WHAT YOU ARE ASKED TO DO: The entries below contain a stretch that opens with the line containing "18 January 1994" and closes with the line containing "Adidas HOOPS 3.0"; set down that stretch exactly, both ends included, and nothing else.

Collected data:
= Beginning of Section =
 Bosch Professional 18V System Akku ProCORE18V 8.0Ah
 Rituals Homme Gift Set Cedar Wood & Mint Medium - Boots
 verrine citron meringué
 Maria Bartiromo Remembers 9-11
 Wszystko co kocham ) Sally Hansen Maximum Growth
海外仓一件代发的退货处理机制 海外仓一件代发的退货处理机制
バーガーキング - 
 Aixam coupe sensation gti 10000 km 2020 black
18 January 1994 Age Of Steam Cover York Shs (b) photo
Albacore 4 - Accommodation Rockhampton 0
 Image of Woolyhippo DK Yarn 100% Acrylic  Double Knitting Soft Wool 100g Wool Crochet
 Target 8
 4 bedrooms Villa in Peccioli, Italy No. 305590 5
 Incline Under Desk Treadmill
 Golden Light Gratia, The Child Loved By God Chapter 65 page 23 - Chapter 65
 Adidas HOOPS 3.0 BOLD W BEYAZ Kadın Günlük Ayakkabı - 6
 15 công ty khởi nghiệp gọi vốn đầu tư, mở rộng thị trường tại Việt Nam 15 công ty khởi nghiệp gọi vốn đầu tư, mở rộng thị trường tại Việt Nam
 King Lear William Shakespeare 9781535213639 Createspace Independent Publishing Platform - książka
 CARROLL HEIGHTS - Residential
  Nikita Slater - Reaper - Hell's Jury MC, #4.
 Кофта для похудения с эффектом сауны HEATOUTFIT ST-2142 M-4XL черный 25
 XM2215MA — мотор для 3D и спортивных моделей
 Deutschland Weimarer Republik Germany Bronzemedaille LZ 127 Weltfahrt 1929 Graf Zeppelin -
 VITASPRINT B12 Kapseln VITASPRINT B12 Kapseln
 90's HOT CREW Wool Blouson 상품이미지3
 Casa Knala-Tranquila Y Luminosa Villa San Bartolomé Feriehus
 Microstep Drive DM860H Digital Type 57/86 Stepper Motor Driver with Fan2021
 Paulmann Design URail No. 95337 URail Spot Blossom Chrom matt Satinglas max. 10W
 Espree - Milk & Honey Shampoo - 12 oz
= End of Section =
TASK ANSWER:
18 January 1994 Age Of Steam Cover York Shs (b) photo
Albacore 4 - Accommodation Rockhampton 0
 Image of Woolyhippo DK Yarn 100% Acrylic  Double Knitting Soft Wool 100g Wool Crochet
 Target 8
 4 bedrooms Villa in Peccioli, Italy No. 305590 5
 Incline Under Desk Treadmill
 Golden Light Gratia, The Child Loved By God Chapter 65 page 23 - Chapter 65
 Adidas HOOPS 3.0 BOLD W BEYAZ Kadın Günlük Ayakkabı - 6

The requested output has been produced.